The board of Spanish steel maker Acerinox announced on Monday that it was walking away from preliminary talks with Dutch rival Aperam for a potential tie-up that would have created a European stainless steel giant.
“The board of the company in a meeting today agreed unanimously not to continue with the preliminary talks with Aperam to evaluate a possible corporate operation,” Acerinox said on Monday in a filing to Spain’s stock market regulator.
The two companies disclosed last week that they had opened talks about a possible merger but that no agreement regarding scope, structure or the terms of a potential deal had yet been reached.
Such a deal would have run into intense scrutiny from the European competition authorities as the resulting company, with a capacity to produce 2.3 million tonnes of stainless steel a year, would have dwarfed current leader Finland’s Outokumpu, according to analysts.

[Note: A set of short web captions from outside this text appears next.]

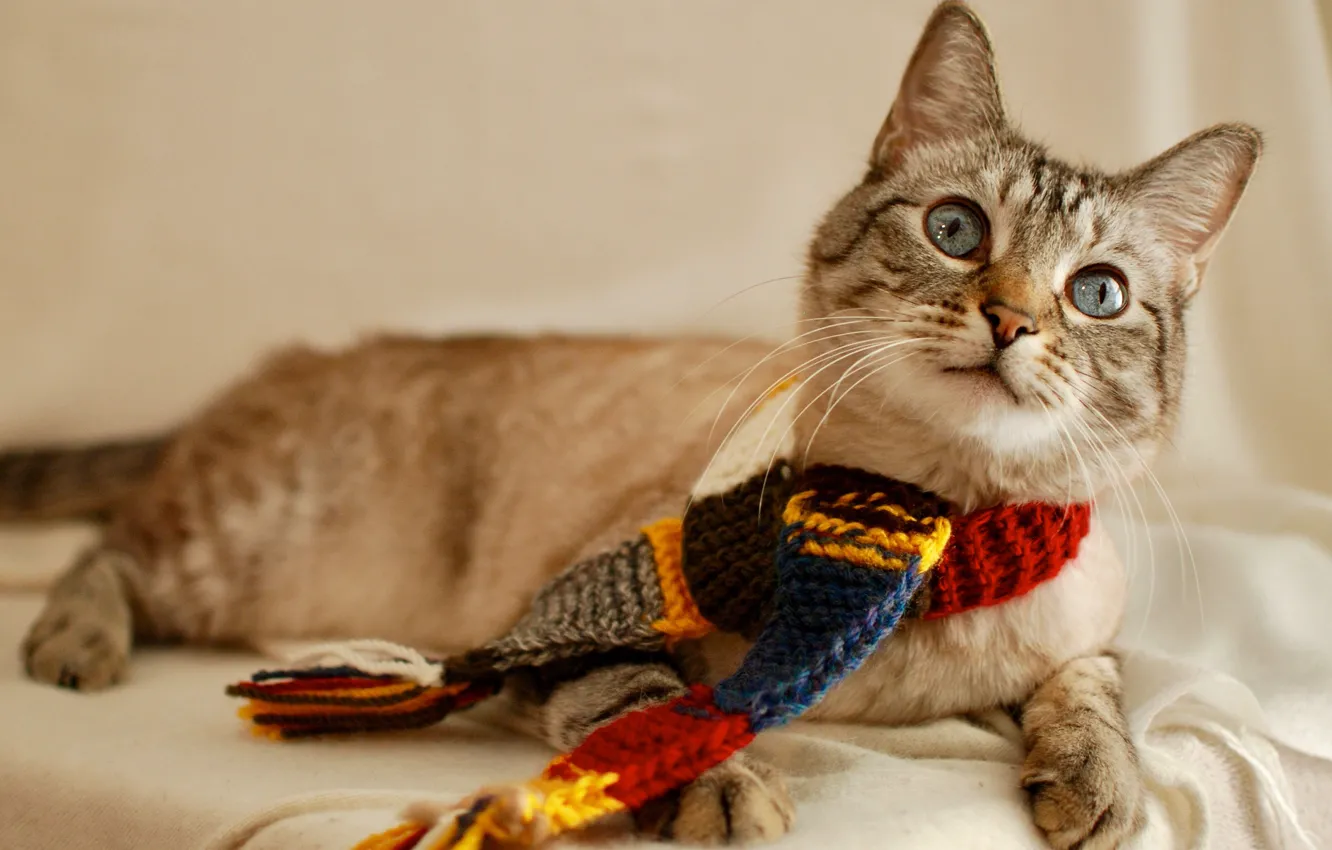 Photo wallpaper cat, cat, look, scarf, lies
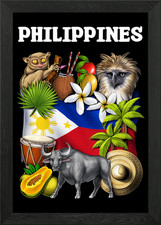Listing image for Philippines Framed Wall Art Poster Canvas Print Picture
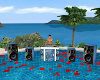 Beach DJ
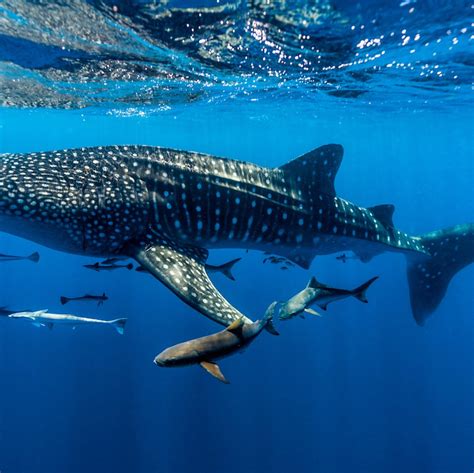 Meet The 10 Biggest Fish In The World Az Animals Atelier Yuwaciaojp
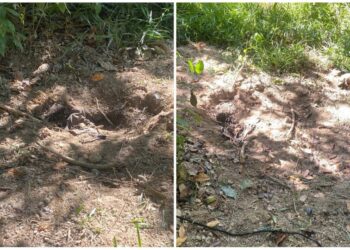 Corpo achado enterrado em cova rasa perto de crrego em MT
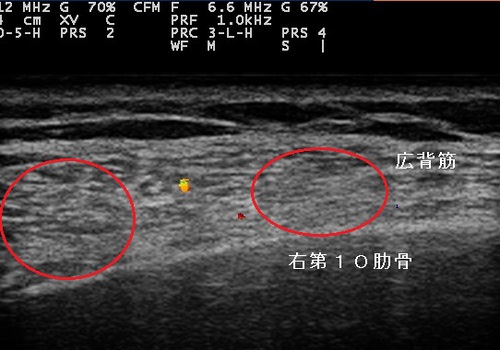 Hosokawa_Takeshi_20121025100815_1023380.jpg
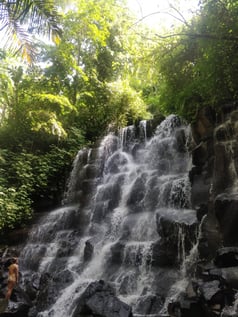 WhatsApp Image 2020-02-27 at 8.46.31 PM (1)-1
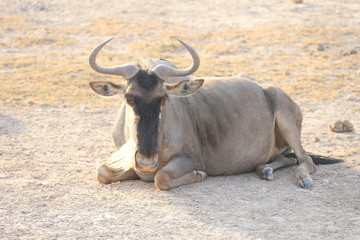 Wildebeest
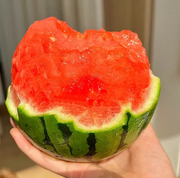 View Potted Watermelon Seeds-Small Space Planting image 2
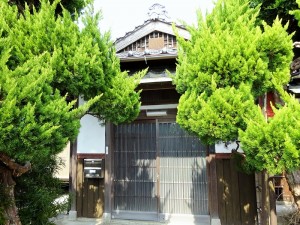 DSC057372323 (1)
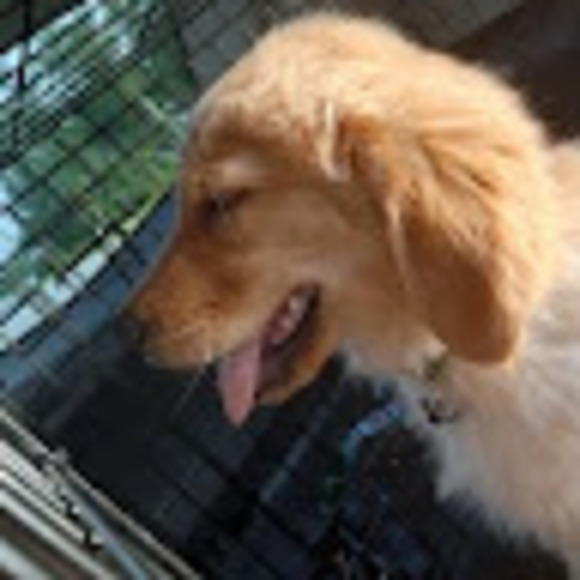 Meet your Posher, Jess - Picture 1 of 1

Shares of Acerinox fell 4% immediately after the end of the merger talks was disclosed and traded 2.3% lower later in the afternoon. Shares of Aperam, which is controlled by the Mittal family, were trading 3% down on Monday afternoon in Amsterdam.
Both companies are worth close to 3.2 billion euros at current market prices.
Soaring steel prices have boosted both steel makers’ profitability to record levels. Acerinox’s net profit jumped 11-fold last year, while Aperam’s jumped almost six times.